La Estatua de la Libertad y el ángel caído
Paul Auster |
Inscripción en la Estatua de la Libertad |
Se ignora si lo mataron o se mató.
Peter Aaron se halla en la cabaña-estudio de una casona de campo en Vermont. Ese 4 de julio de 1990 y tras la visita de dos agentes del FBI que encontraron su número telefónico de Nueva York en los restos de los bolsillos de Benjamin Sachs, ha decidido escribir una especie de reporte destinado a esclarecer posibles confusiones en relación al pasado y a las actividades de su difunto amigo.
Sin embargo, el relato de Peter Aaron no es una suma de datos: un sobrio informe destinado a la policía, ni un testimonio que desembrolle el trasfondo psicológico, ideológico, anarca y político que llevó a Benjamin Sachs a convertirse en El fantasma de la Libertad, un clandestino y solitario rebelde que desde el 16 de enero de 1988 se dedicó, en distantes puntos de los Estados Unidos, a colocar bombas en las réplicas de la Estatua de la Libertad, siempre teniendo el cuidado de no poner en peligro la vida de nadie; y cuyas detonaciones y comunicados a través de los mass media despertaron antipatías y simpatías y el consecuente uso y comercialización propia del arquetipo de la sociedad de consumo: camisetas y chapas con la imagen de El fantasma de la Libertad, caricaturas políticas, tema de editoriales periodísticos, de sermones y de polémicas radiofónicas; e incluso, en Chicago, hubo “un número de cabaret en el que el Fantasma desnudaba lentamente a la Estatua de la Libertad y luego la seducía”.

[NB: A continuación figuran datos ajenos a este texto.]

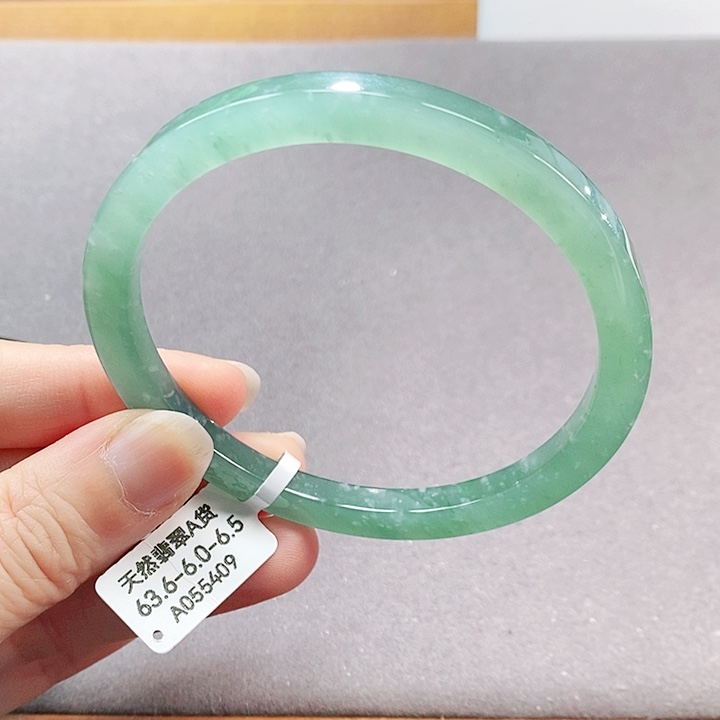 【闪购商品】翡翠手镯（圆镯）未镶嵌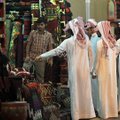 Naftariigi lilleline elu: Saudi tarbijad pole nafta hinna kukkumist märganudki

Traducida al español por Maribel de Juan, la novela Leviatán es una especie de casona de dos aguas repleta de pasillos y pasillitos, habitáculos de muchos tamaños, escaleras que suben y bajan, desvanes, minucias y anécdotas sentimentales y melodramáticas. En este sentido, pese al activismo de Benjamin Sachs y a los sesgos críticos (light) de la novela de Paul Auster, no es de índole política ni cuestionadora de la idiosincrasia gringa (¡oh paradoja!), ni de ciertos cuadros de costumbres del consabido american way of life, ni del trasfondo y las historias negras y cruentas en que descansa ese grandísimo y totémico emblema de los megalómanos y autodeificados Estados Unidos: la Estatua de la Libertad, símbolo de democracia, de libertad e igualdad ante la ley.
Peter Aaron, narrando asuntos sobre su propia vida doméstica y afectiva y sobre su desarrollo como escritor, cuenta la relación de los hechos desde que conoció a Benjamin Sachs en un bar de Nueva York, un día de 1975, no sin añadir algunos datos anteriores a tal fecha, como la circunstancia de que Sachs nació “el 6 de agosto de 1945”, por ende le gustaba pregonar que fue “el primer niño de Hiroshima nacido en Estados Unidos”; que se negó a ir a Vietnam, por lo que en 1968 lo encerraron en la cárcel durante más de un año, donde comenzó a escribir El nuevo coloso, concluida en 1973. Y según informa y reseña Peter Aaron, es una novela histórica sobre los Estados Unidos de entre 1876 y 1890, con personajes históricos, literarios y ficticios, en la que se exalta la figura de Henry David Thoreau (1817-1862), al cual Benjamin Sachs rindió pleitesía dejándose crecer el pelo y la barba. Y pese a que fue su primera novela (la única), lo colocó de inmediato en el mapa de los nuevos narradores, además de ser un prolífico autor de ensayos de todo tipo, notable entre la intelligentsia neoyorquina.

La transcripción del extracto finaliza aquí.